From: Ivan Herman <ivan@w3.org>
Date: Wed, 19 Aug 2015 07:14:19 +0200
To: Doug Schepers <schepers@w3.org>
Cc: Robert Sanderson <azaroth42@gmail.com>, Tim Cole <t-cole3@illinois.edu>, W3C Public Annotation List <public-annotation@w3.org>
Message-Id: <37C51F52-B151-45C0-AE13-AFDC988639DA@w3.org>
Doug,

need some clarification/comment…

> On 19 Aug 2015, at 01:26 , Doug Schepers <schepers@w3.org> wrote:
> 
> Hi, Rob–
> 
> I'm going to propose a compromise. I don't think either of us will love it, but I hope we can both live with it.
> 
> I'm going to use "object"/"property" terminology, but feel free to reformulate into RDF terminology.
> 
> 
> 1) We allow (but don't require) an "id" property on each object, to make it addressable;
> 
> 
> 2) We strive for a single consistent structure that applies equally to Body, Target, Tag, and so on, modulo the proposal in #3.
> 
> 
> 3) We make the nested "source" object a SHOULD, while the empty-node construct is only a MAY, and only allowed for text-literal resources, and (maybe?) only in a non-Linked Data context; we define a clear equivalence mapping.
> 
> For example, these statements would be equivalent:
> 
>  "body" : {
>    "role" : "tagging",
>    "source" : {
>      "value" : "+1"
>    }
>  }
> 
>  "body" : {
>    "role" : "tagging",
>    "value" : "+1"
>  }
> 
> But these would not:
> 
>  "body" : {
>    "role" : "linking",
>    "source" : {
>      "type": "Image",
>      "id": "http://example.com/image.png"
>    }
>  }
> 
>  "body" : {
>    "role" : "linking",
>    "type": "Image",
>    "id": "http://example.com/image.png"
>  }
> 

When you say 'would not', you mean these two are not equivalent, I guess.

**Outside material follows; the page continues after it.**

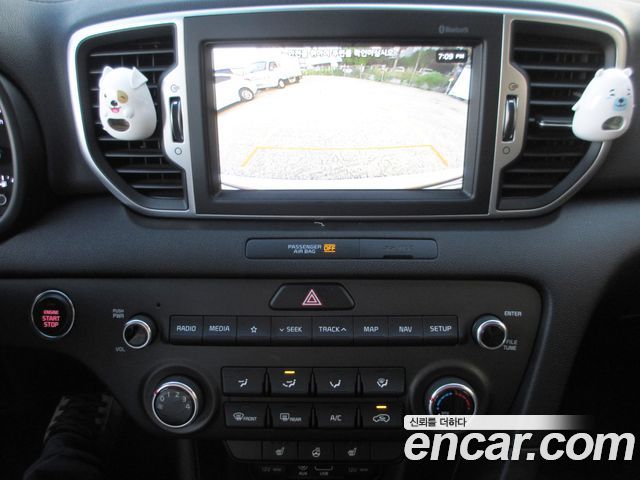 Kia Sportage (IV) Gasoline 2.0 2WD Noblesse 2018 — фото 16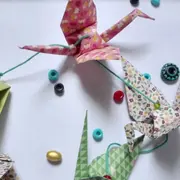 Atelier guirlande de grues en origami à Montpellier (34)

I was actually wondering whether we may want to go one step further. Namely that the object associated with "body" MUST have a "source" (or maybe an alternative "value" for textual content), and that is what identifies the 'real' annotation body. In other words, the second construction would become a bug. If so, the value of "source" may be a simple URI, too, ie, these two would be equivalent:

"body" : {
   "role"   : "linking",
   "source" : "http://example.com/image.png"
}

"body" : {
   "role"  : "linking",
   "source" : {
       "id" : "http://example.com/image.png"
   }
}

I guess what I am heading at is that (also in the model) the object assigned to body may either be a pure simple literal to handle the simple cases, or, essentially, a Specific Resource.

As you said, the body itself may or may not have its own ID, but that ID is disjoint of the ID of, say, the image in this case.

That also mean that the idiom we use in the current model:

"body" : {
 "id" :  "http://example.com/image.png"
}

becomes moot and the correct way is

"body" : {
 "source" :  "http://example.com/image.png"
}

and this makes the corresponding RDF a little bit more complex. But I would prefer to push the complexity on the RDF side (which can easily cope with this) if it makes it simpler to the non-RDF user community.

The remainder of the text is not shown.